The only above-ground portion of the new synagogue’s structure was the roof, which includes a massive skylight in the shape of a Star of David that can be spotted in Google Earth images of Hamadan.
The Islamic revolution of 1979 forced Gabbay and an estimated 60,000 other Persian Jews to leave Iran for Israel and the United States. Like many, Gabbay resettled in Beverly Hills, where he maintains an architectural practice. Since then, the site he restored has been maltreated by Islamist authorities in Hamadan, who have removed the fence designed by Gabbay lest passersby be offended by its ornate Star of David motif. (Never mind that the motif was inspired in part by ancient Islamic design patterns where six-pointed stars are quite common.)
Given the shrine’s precarious condition, Diarna considered it a perfect candidate for digital restoration. An initiative of a Boston-based nonprofit named Digital Heritage Mapping, Diarna combines traditional archaeological and historical scholarship with digital technologies to revive neglected Jewish sites in a region where autocrats and Islamists have sought to eradicate any physical evidence of Jewish life. (Historic sites are virtually revived with online exhibits that include photographs, 3-D images, immersive panoramas, and so on.)
In the case of the Hamadan shrine, Diarna had the benefit of missionary and journalistic accounts from the late 19th and early 20th centuries, as well as Gabbay’s black-and-white photographs. Sadly, Gabbay’s original plans for the 1972 restoration were lost after the 1979 revolution, so the architect had to reconstruct them from memory. “Just as people often question the origins of the Esther shrine, so I have to question the accuracy of my memory,” he said in 2010.
The memories of Persian Jews born in Iran are increasingly all that remain of their heritage. The Hamadan shrine is not the only site at risk of destruction. In April 2008, for example, seven ancient synagogues in Tehran’s historically Jewish Oudlajan district were razed to make way for high-rise developments.

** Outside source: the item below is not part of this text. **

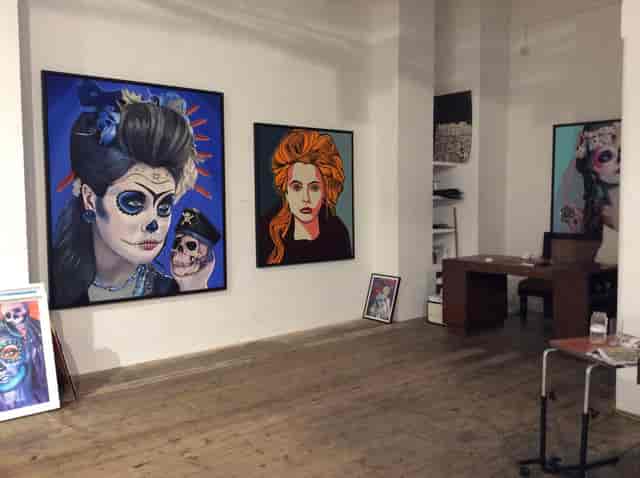 Vibrant art venue with striking portraits, perfect for exhibitions and themed parties.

Growing up in post-revolutionary Iran as the only son of a secular-minded Shia family, I was fortunate to know Jewish friends of my parents, including a prominent gallery owner and artist who for many years shared a studio with my mother, an abstract-expressionist painter. But the Jewish experience as a whole was something muted and private—not a surprise in a country where anti-Semitic propaganda pervades state-controlled media and where Jews and other minorities are required to hang signs on their stores to warn away unsuspecting Muslims from shopping there. As a child, I found it impossible to even imagine the time when Tehran was home to thriving, bustling centers of Jewish life.

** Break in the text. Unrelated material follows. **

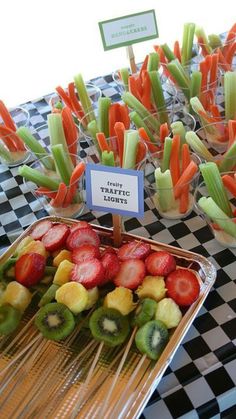 fruits and veggies are on display at a party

Ideally, governments in Iran and the Arab-speaking Middle East would be rushing to preserve priceless Jewish sites within their borders rather than leaving it up to a team of programmers to restore them in Google’s soulless, if infinite, memory. Viewing Diarna’s end-product—with its three-dimensional computer graphics devoid of imperfections—I could not help but recall French theorist Jean Baudrillard’s warning against postmodern simulacra. In their very perfection and completeness, maps, models, and databases can sometimes overwhelm memory and subjectivity, which are defined by absences, scars, and negative spaces impossible to recreate digitally.